AVAREZA. «Alguns homens mudam. Ou melhor, não mudam - revelam-se... Revelam-se com o tempo, sabias?» Quem já conhece David Lynch sabe que esta frase de Nikki (personagem difusa e carnal de Laura Dern, com quem o «mestre» já havia trabalhado em ocasiões anteriores... VELUDO AZUL, lembram-se?) não é surpreendente mas que se cola como uma luva às ambições cinematográficas do mais abstracto realizador norte-americano da actualidade. Cada novo filme (excepção feita a HOMEM ELEFANTE e UMA HISTÓRIA SIMPLES, que parecem pequenos ovnis numa carreira iminentemente transgressora) é mais um desafio às expectativas do espectador, ansioso pelo próximo «puzzle» psicológico que Lynch convoca sem pedir licença. Na verdade, o realizador do recente INLAND EMPIRE já é um ícone marginal norte-americano (à semelhança de Woody Allen, por exemplo, no reino da comédia psicanalítica) mas também um cineasta que virou moda para pretensos núcleos alternativos. Não que Lynch não tenha mérito - filma com uma liberdade artística única e profunda, ninguém duvida - mas começa a mexer-me com os nervos o deslumbramento superficial de muita gente que se senta três horas à frente de um ecrã para não conseguir ligar uma cena à outra e sai da sala como se tivesse assistido à revelação pura da imagem. Por esta tendência se estar a tornar recorrente e intencionalmente estilizada pelo realizador, sinto que INLAND EMPIRE é um ponto menos favorável numa carreira inquestionavelmente aliciante. Um Lynch é sempre um Lynch, mas desta vez parece que a contenção de meios o levou por caminhos demasiado paradoxais e herméticos. Que só ele deve conseguir verdadeiramente desfrutar...

INLAND EMPIRE * *
De câmara digital debaixo do braço ninguém o segura... David Lynch aumenta o culto com uma bizarra decomposição dramática em torno de uma actriz que aceita um papel «amaldiçoado»... Aos poucos, as exigência trágicas da sua personagem vão consumindo o bom senso e a integridade de Nikki Grace (excelente Laura Dern, mas... excelente para quê?), dilacerada ainda por uma suspeita de traição. Com os mundos paralelos do costume (a última obsessão são coelhos a imitarem «sitcoms»), as distorções gráficas, as personagens que aparecem sabe-se lá de onde, as vozes que ecoam fora do enquadramento. Este é o Lynch a querer parecer Lynch. Ou melhor, um exercício de abstracção forçado, esquemático, excessivo e doloroso. Tem boas ideias, planos interessantes, uma excelente protagonista e uma aura negra que cativa. Mas não tem sentido. Sinto muito...

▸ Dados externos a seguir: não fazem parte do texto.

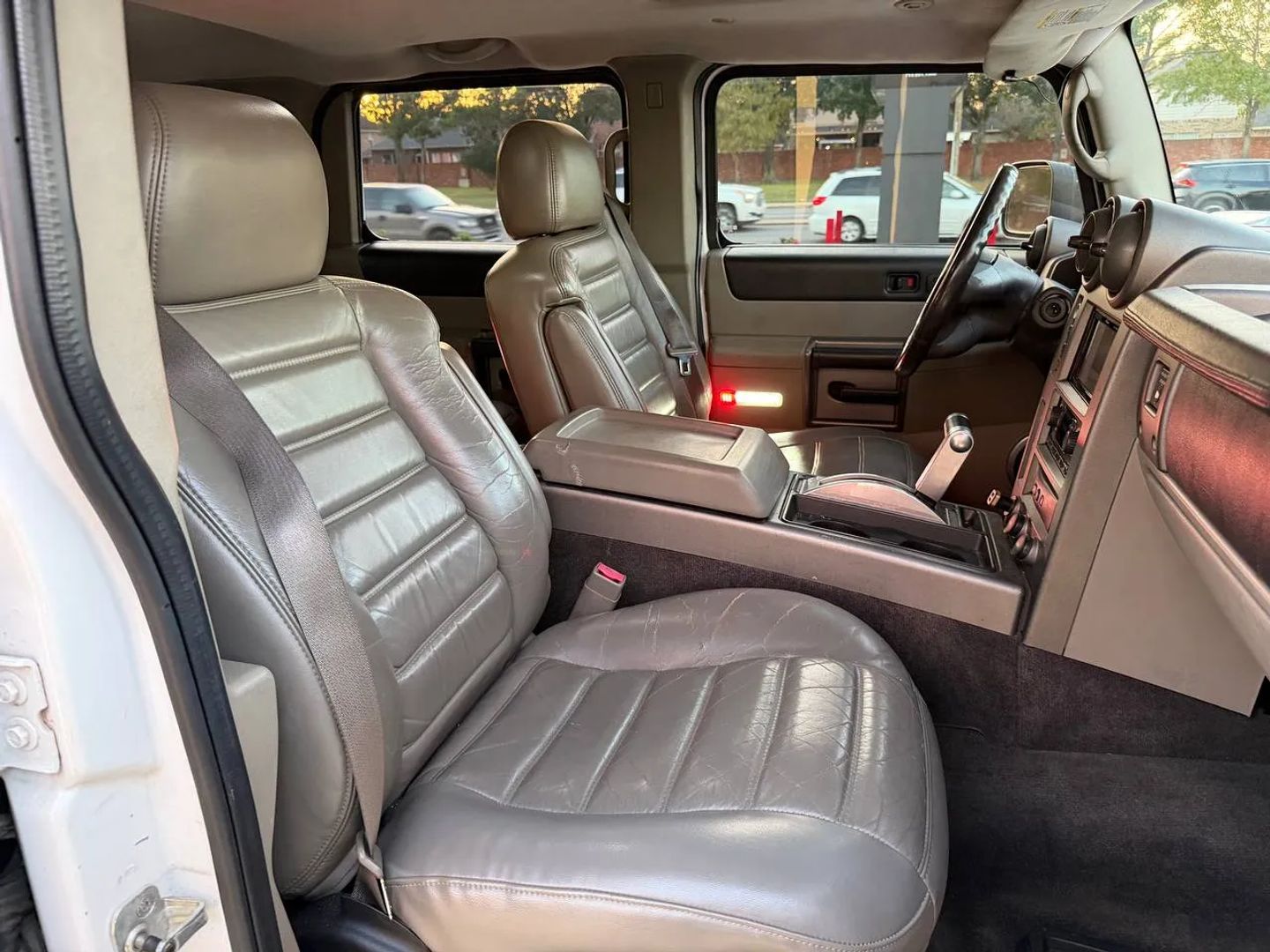 Photo 43 of 2003 Hummer H2 3 for sale in Katy, TX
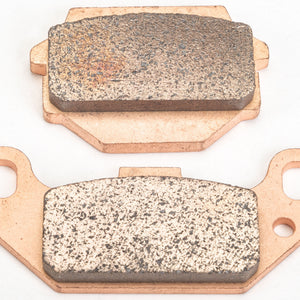 Brake Pad Kit Sintered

PS - Afinal sempre se arranja um tempinho para vir ao SIN CINEMA expiar os pecados cinéfilos. O trabalho é muito, mas dou conta dele. O cinema, em menor dose agora, continua a fazer parte do ócio. E este espaço também. Quem disse que o SIN CINEMA acabou? Na verdade, acabou de (re)começar... Bons filmes. Bons pecados.